Let Me Be Frank With You…

I want all you readers to interact more.
The above picture was taken by a Korked Bats follower, Chris, before the Saints/Vikings game on Sunday. I first want to say how jealous I am that he had field passes to a game of that magnitude. Now, obviously his “seats” paled in comparison to mine at the Cross Corner Bar & Grill in Brentwood, Tennessee. You know, the one in between the tanning salon and art gallery? No? Well I’m sorry, but let me just tell you, my seats were legit. Anyway, I was going to write about Brett Favre in this section but realized everyone and their mother has beaten this topic to death worse than [Insert metaphor here. This can be your first interaction with the site!]
Over the past few weeks we have been receiving more comments from our readers and that’s fantastic. And yes, even some from people not named Will or spam-bots trying to make us millions by selling an attic full of baseball cards. My bad, that was this guy. Anyway, I know it’s kind of annoying that comments don’t show up on the actual main page and we’re slowly but surely working on changing that, but the more reader input, interaction, ideas, pictures, millions of dollars, ect. that you contribute, the more fun we can have and the more entertaining this site can be.
So if you read a post on this site and all of a sudden something pops into your head like, “Man, my life was exponentially better before reading this garbage Frank just wrote,” don’t just keep those thoughts to yourself.
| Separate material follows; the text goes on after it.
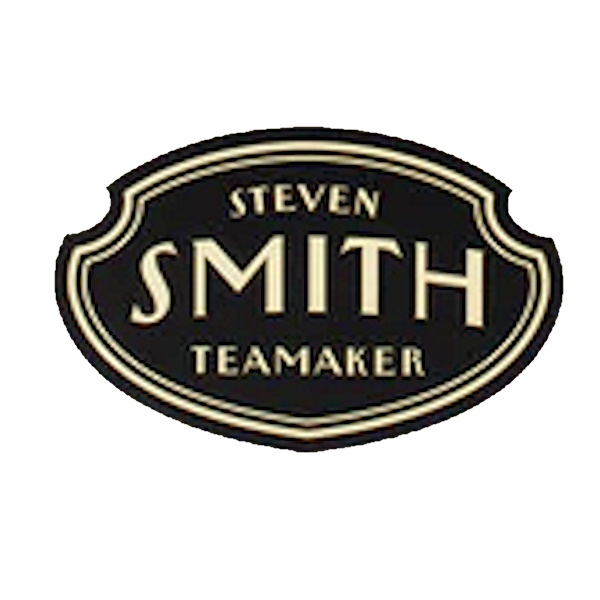Smith Tea Ginger Peach Iced thumbnail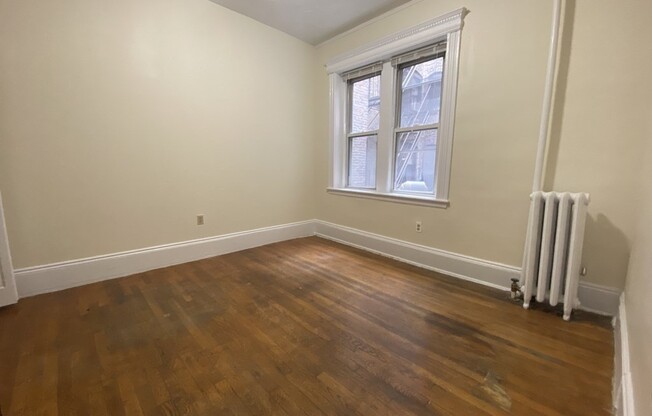 327 Huntington Ave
Share them with everyone! Also feel free to send in any pictures or ideas or anything you wish. We get lonely from time to time here at KB and any input from readers is greatly appreciated.
Note to self: If the caller I.D. says
“Barack Obama”, don’t pick up.
First our economy, then the Olympics, now this! I swear, everything President Obama gets involved with implodes faster than Ja Rule’s career. After raising over $1.3 million in less than 24 hours for the immediate relief of Haitian victims, the top ranked (not for long) University of Kentucky Basketball team received a phone call from the President thanking them for their efforts and wishing them luck for the rest of the season. لعبت بوكر Hours later their previously unblemished 19-0 record fell to 19-1. Coincidence? I think not.

You can’t just change your nickname, you Big Baby.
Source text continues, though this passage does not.